I might add before we saw Premier Darrell Pasloski and Prime Minister Stephen Harper acting it out for real, then-Yukon premier Tony Penikett had raised the pressure that NAFTA chapter 11 (ISDS) exerts against aboriginal rights with Chretien, previously author of the infamous white paper, his colonizer blueprint.

On March 25, 2015, Wikileaks released the all-important centrepiece of the TPP that Van Harten talks about “Trans-Pacific Partnership treaty: Advanced Investment Chapter working document for all 12 nations (January 20, 2015 draft)”, ISDS.

On page 12, a really striking “Annex on Health” has just four short lines and only excludes Australian health care from privatization and pharma price-gouging attacks. Go to: TPP investor leak, or : https://goo.gl/SW4IXY.

I had a recent conversation on so-called ISDS in the TPP with Tony Negus, Australia’s High Commissioner to Canada.

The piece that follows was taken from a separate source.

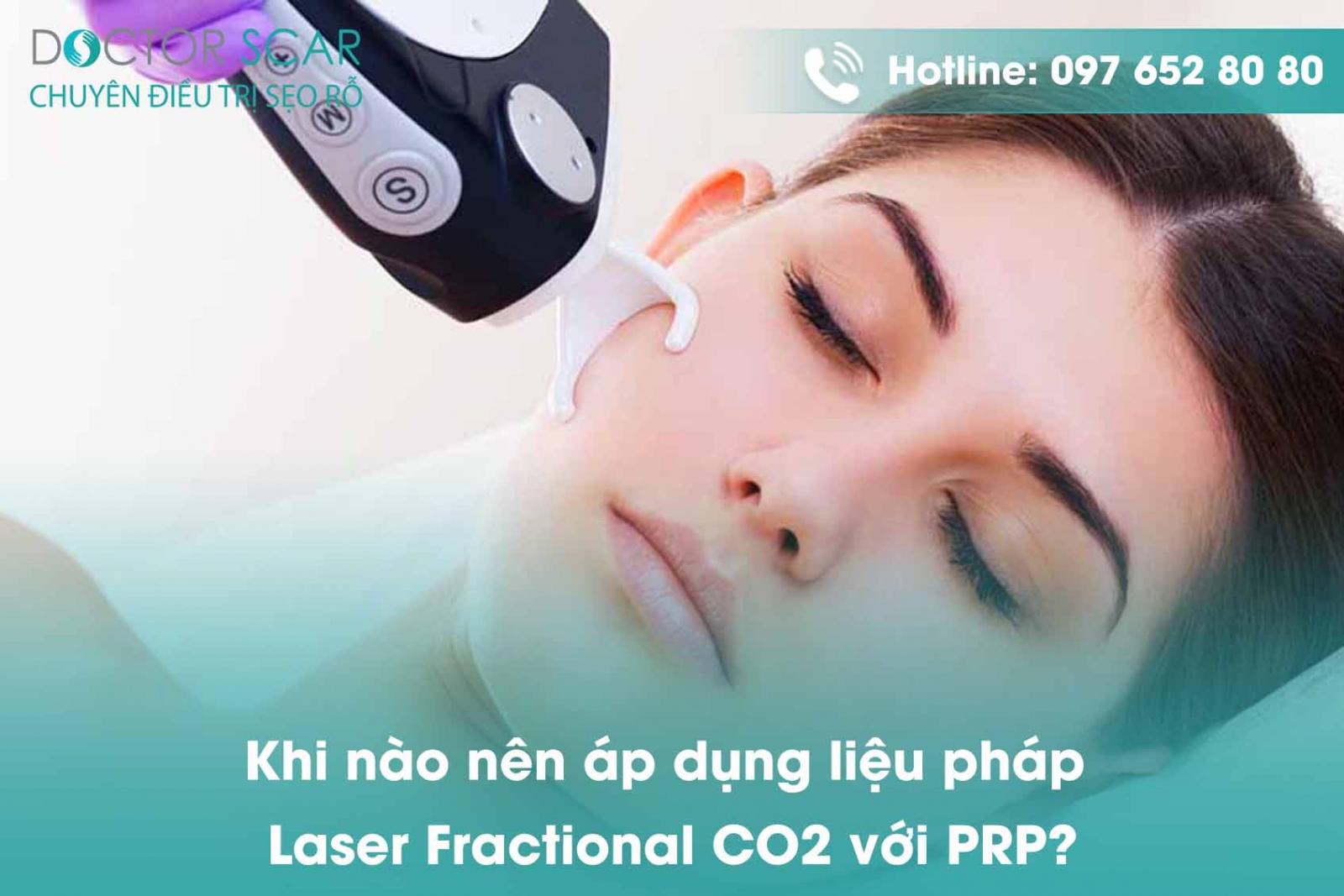 Khi nào nên áp dụng liệu pháp Laser Fractional CO2 với PRP?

I came away with the impression that the Aussie government is bought off with its medicare handshake and further exemptions, not to blow the whistle on free trade gangsterism.

The context: Ever since NAFTA chapter 11 hit home, ISDS is a really dirty word in Australia, and its free trade agreements with the U.S., Korea, China and Japan have excluded ISDS.

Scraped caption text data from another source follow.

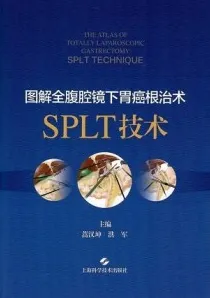 图解全腹腔镜下胃癌根治术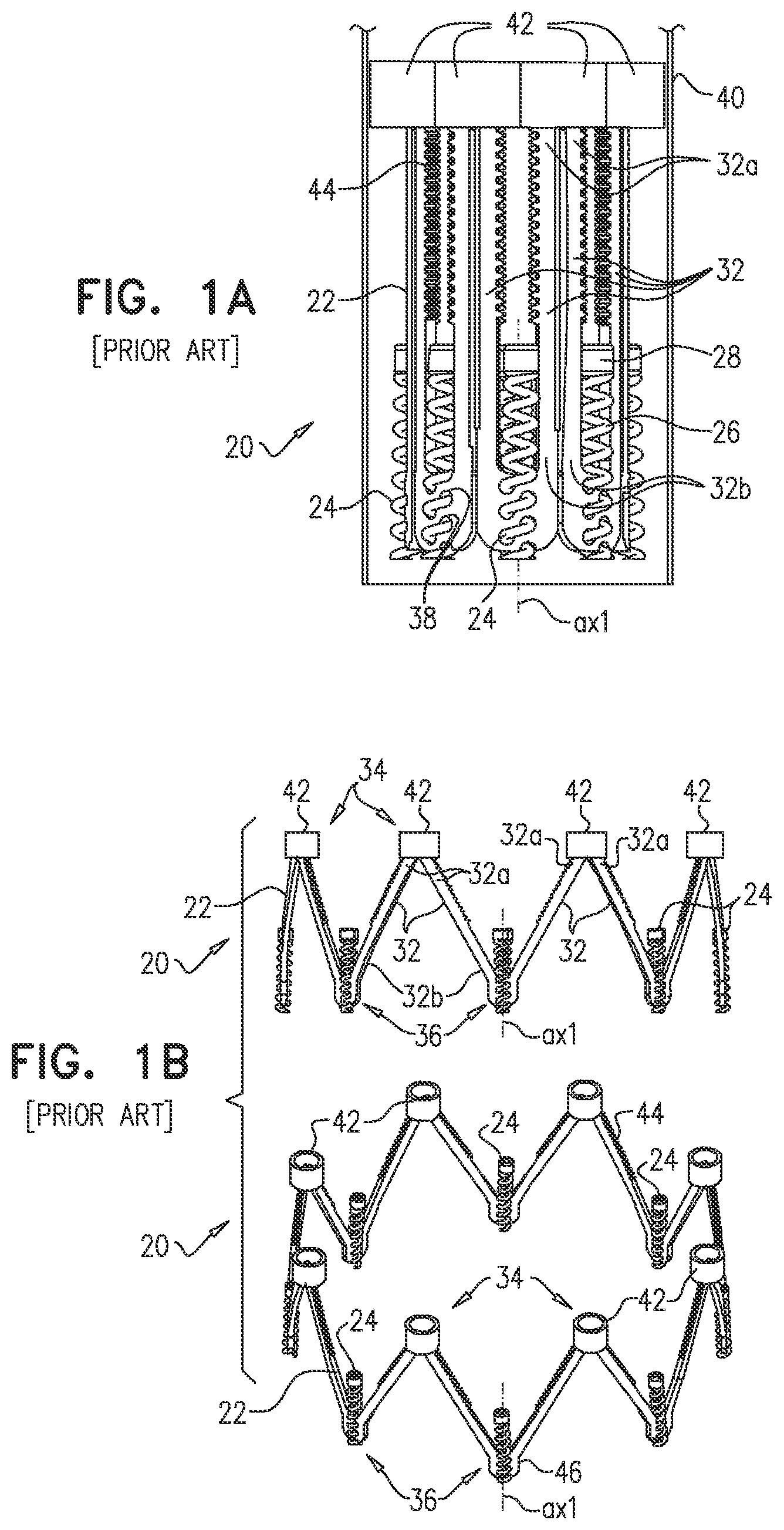 Patent US12102533 Figure 1 – Adjustable annuloplasty device with alternating peaks and troughs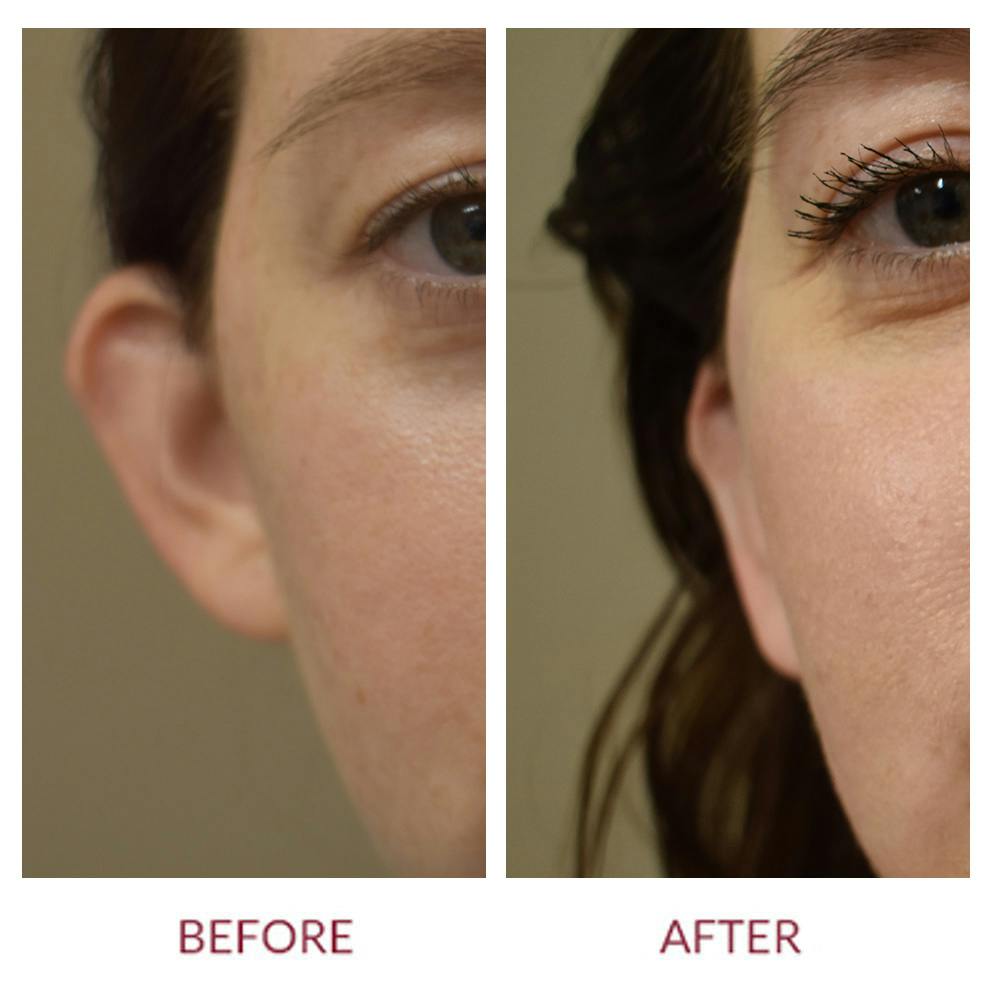 Otoplasty Before & After Gallery - Patient 374550 - Image 1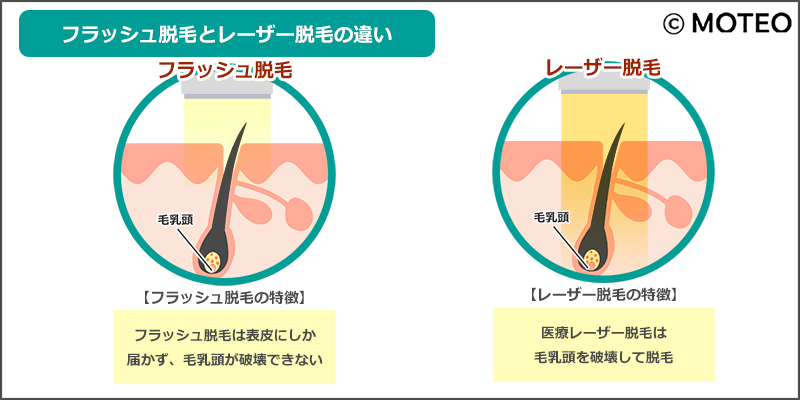 医療レーザー脱毛とフラッシュ脱毛の違い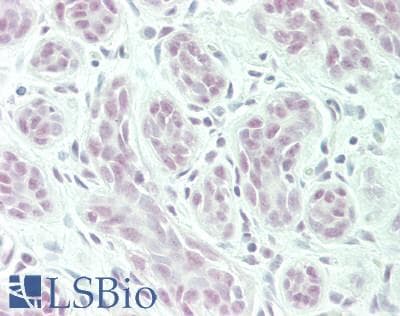 IHC-plus™ POLR2C Antibody (aa225-275)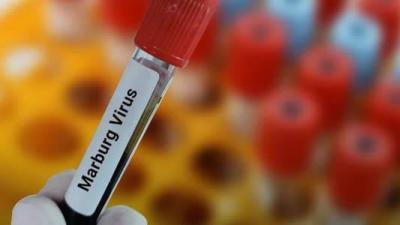 Title: Spain Reports First Suspected Case of Deadly "Marburg" Virus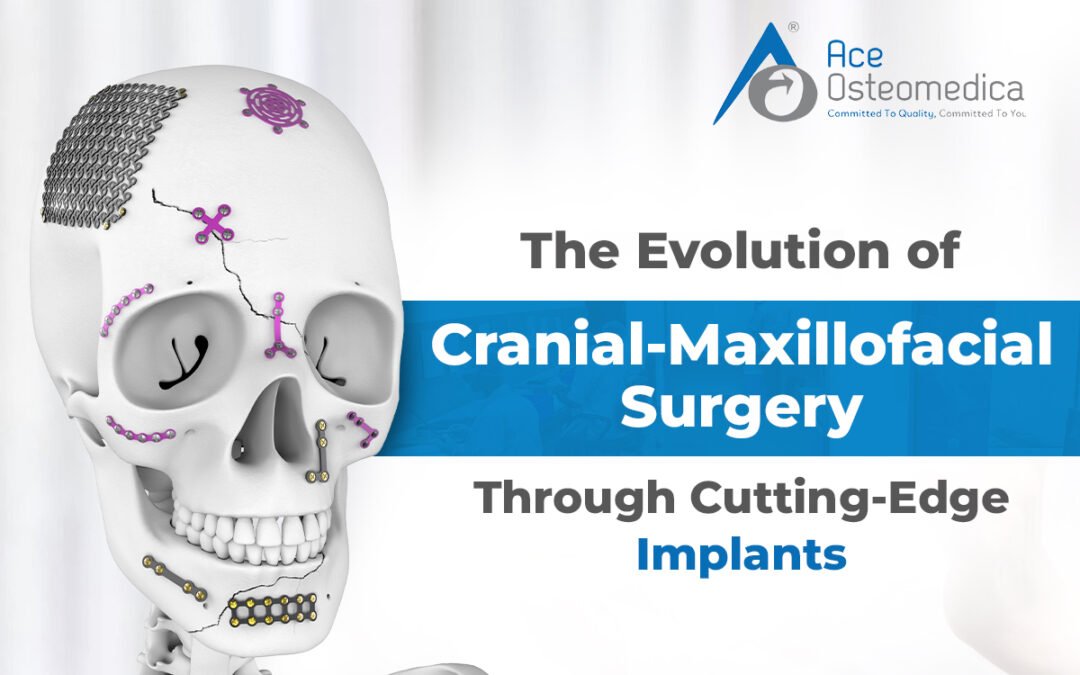 The Evolution of Cranial-Maxillofacial Surgery Through Cutting-Edge Implants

Not to be overly skeptical, the one moderating aspect I noticed reading the TPP draft, which can be expected almost final, is that Section B of the Investment Chapter exempts Canadian cultural industries from attacks.

Van Harten may have overlooked that one. But then, who can trust such a toxic document on anything?

Thomas Mulcair is more critical than other party leaders on the TPP impact of job losses in Canada while being quiet on the anti-democratic nature of ISDS, which is to be almost complicit in it.

Mulcair correctly puts his finger on the secretive nature but has no excuse for not knowing what is going on. This needs to change.

Along with coming unstuck from election planners and advisors who are a bunch of Big Oil compliant carbon free traders and losers from a two-decades string of continuous Yukon NDP campaign failures, most importantly, Ms. Atkinson is picking up winning momentum, within recently experienced wide margins of polling errors, as the right candidate for the strategic advantage Yukoners and Canadians need in Ottawa.